- _What is being asked_
The copy should begin at the line containing "Garten-Beistelltisch mit Glasplatte" and end at the last line of the material. Please reproduce those lines exactly and keep pictures out.

- _Data supplied_
================

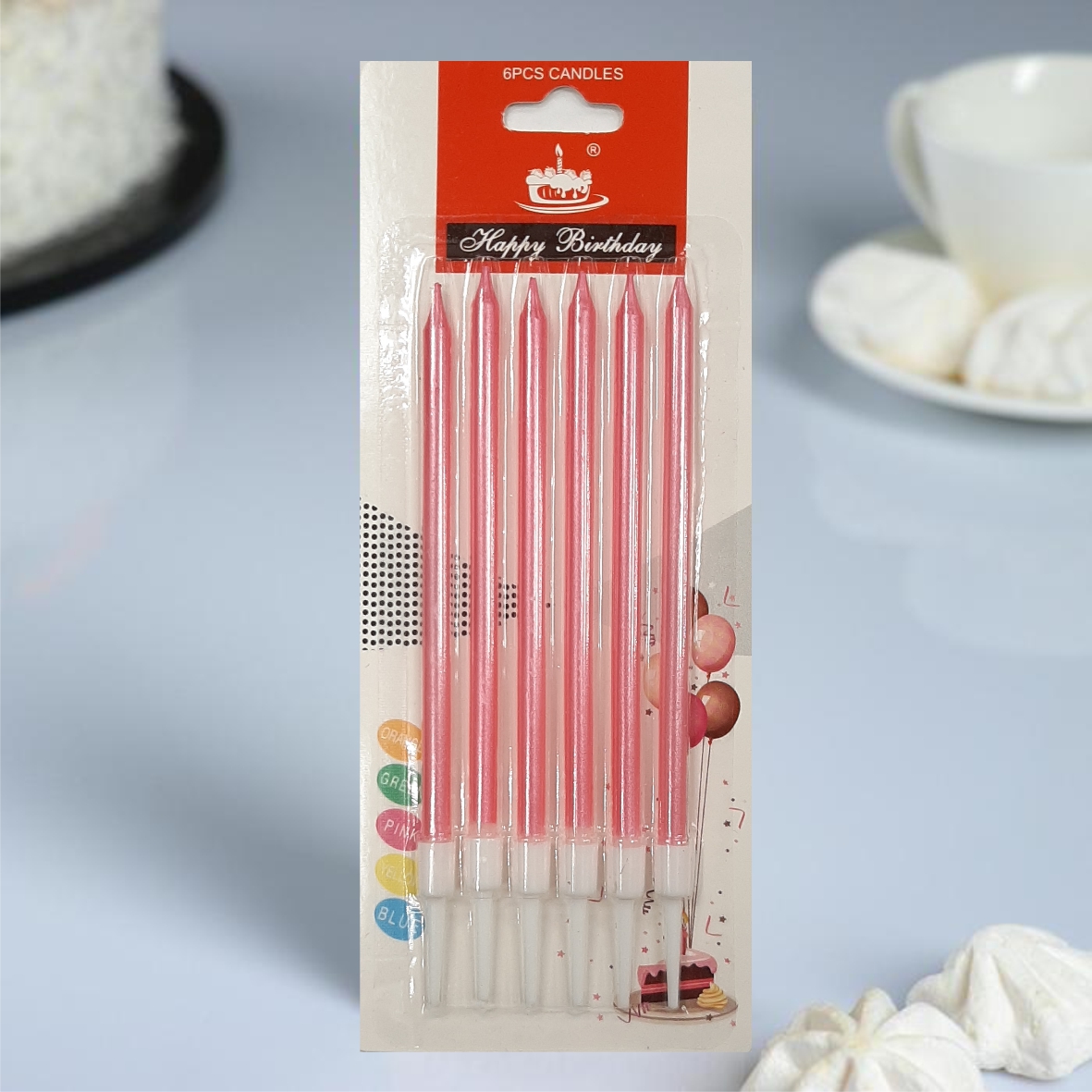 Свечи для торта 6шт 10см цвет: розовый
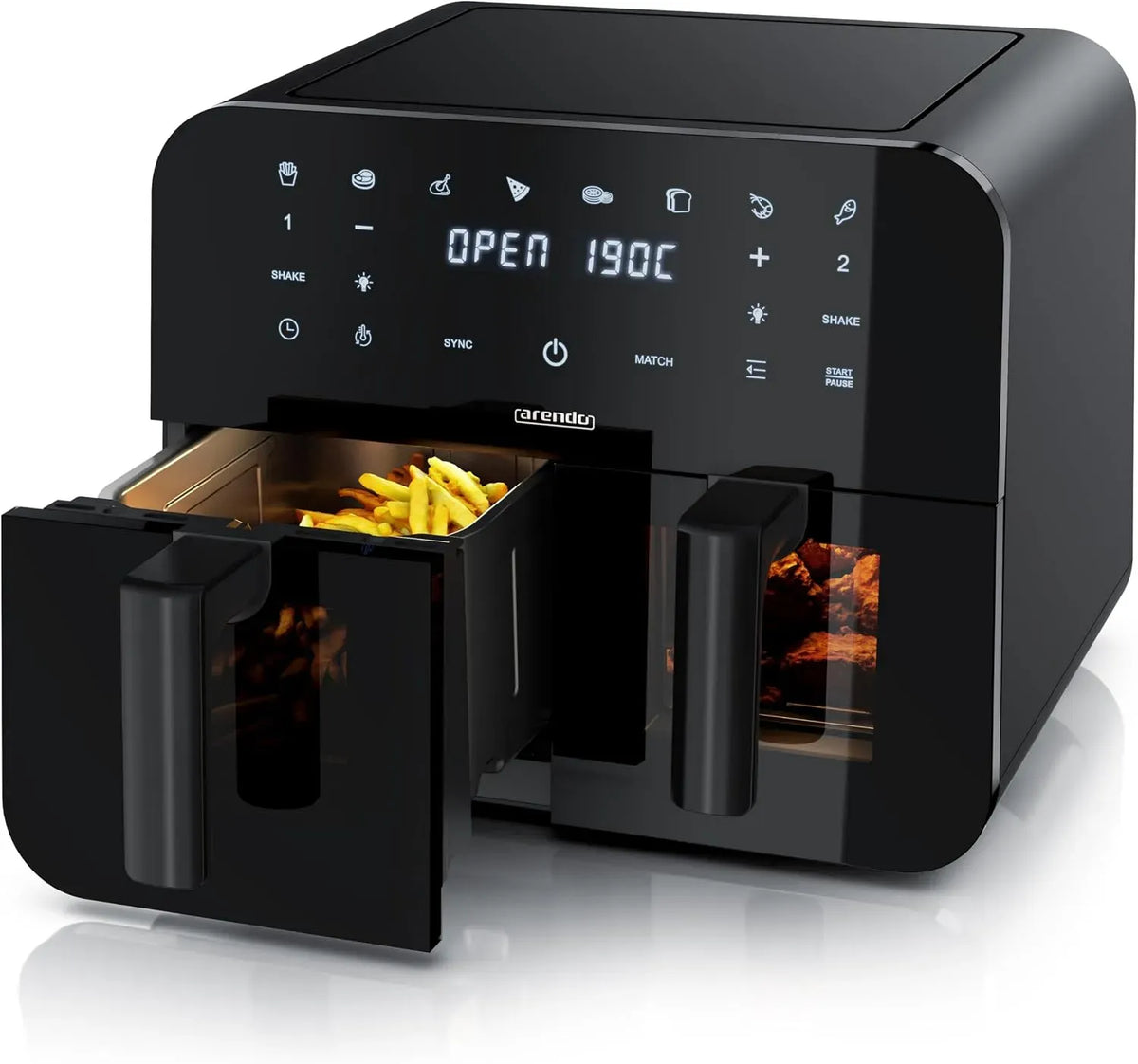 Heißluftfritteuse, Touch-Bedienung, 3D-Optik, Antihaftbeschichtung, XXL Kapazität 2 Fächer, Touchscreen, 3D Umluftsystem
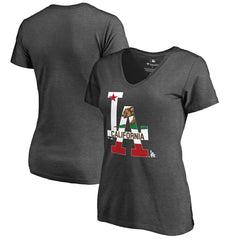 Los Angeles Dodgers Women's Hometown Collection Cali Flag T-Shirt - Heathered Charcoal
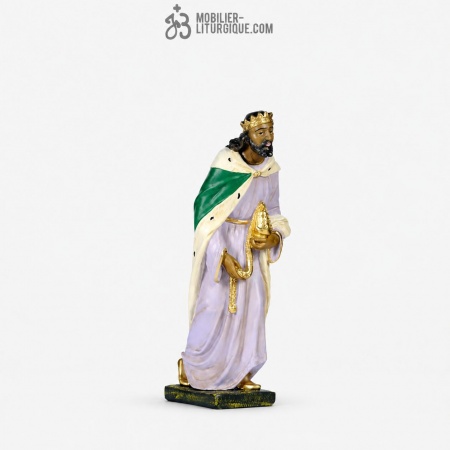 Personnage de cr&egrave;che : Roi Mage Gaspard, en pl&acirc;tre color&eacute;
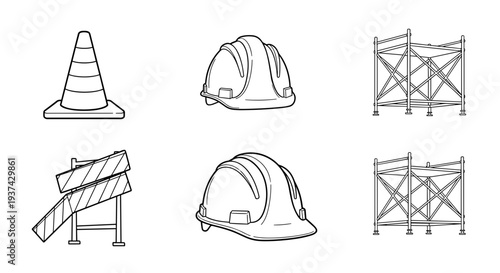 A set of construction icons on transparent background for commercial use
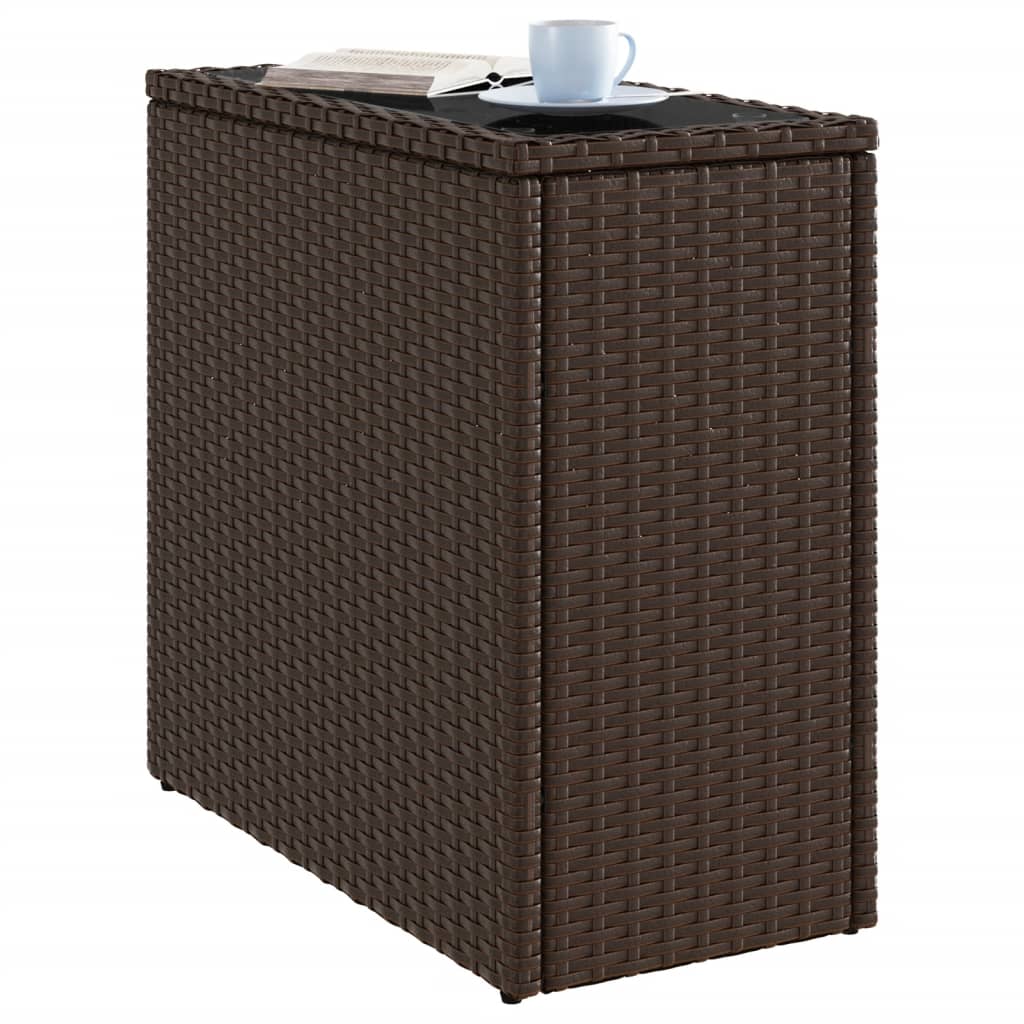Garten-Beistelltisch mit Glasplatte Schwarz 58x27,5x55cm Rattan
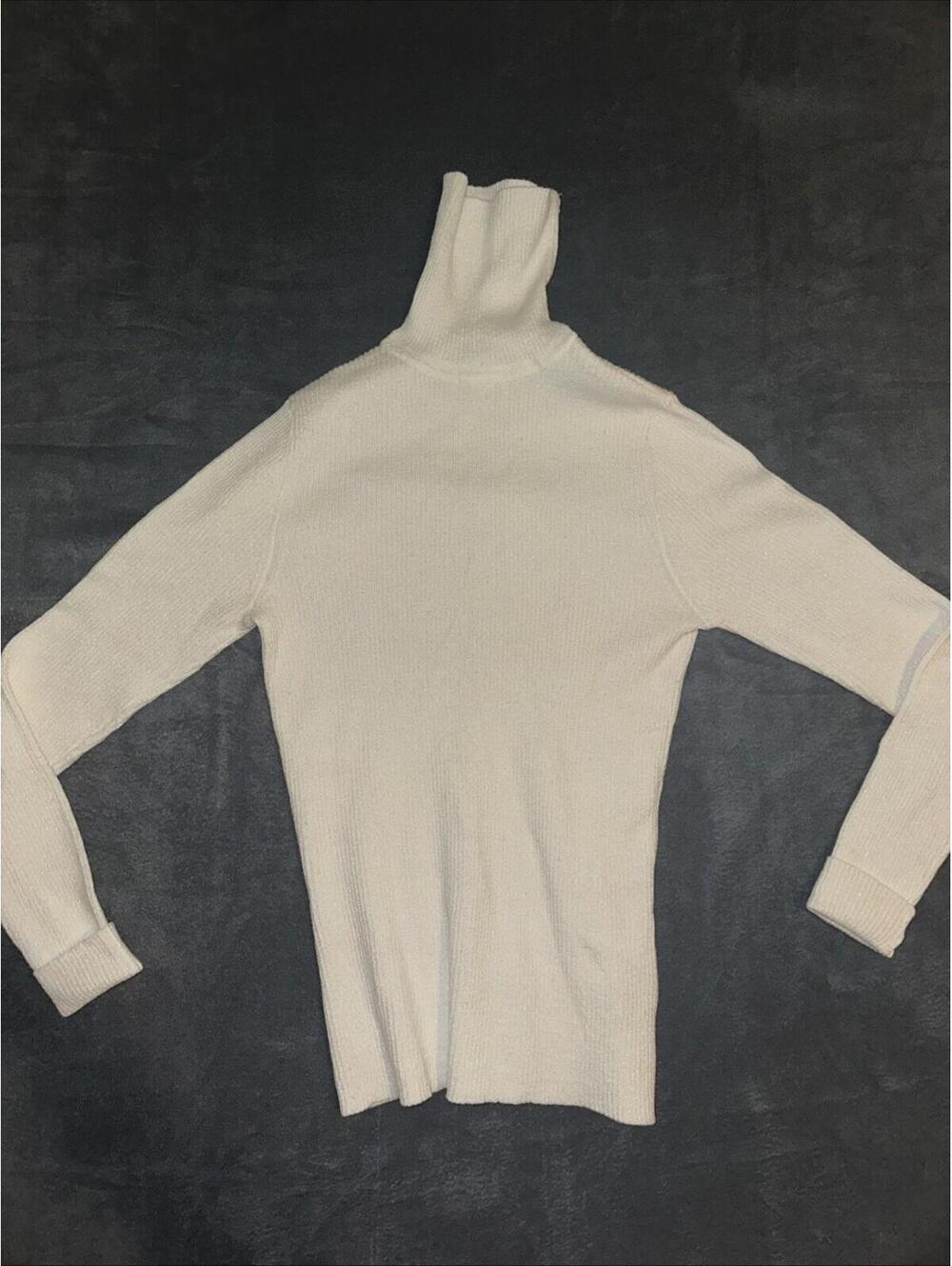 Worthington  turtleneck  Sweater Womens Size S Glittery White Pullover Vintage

================

- _Answer for this exercise_
Garten-Beistelltisch mit Glasplatte Schwarz 58x27,5x55cm Rattan
 Worthington  turtleneck  Sweater Womens Size S Glittery White Pullover Vintage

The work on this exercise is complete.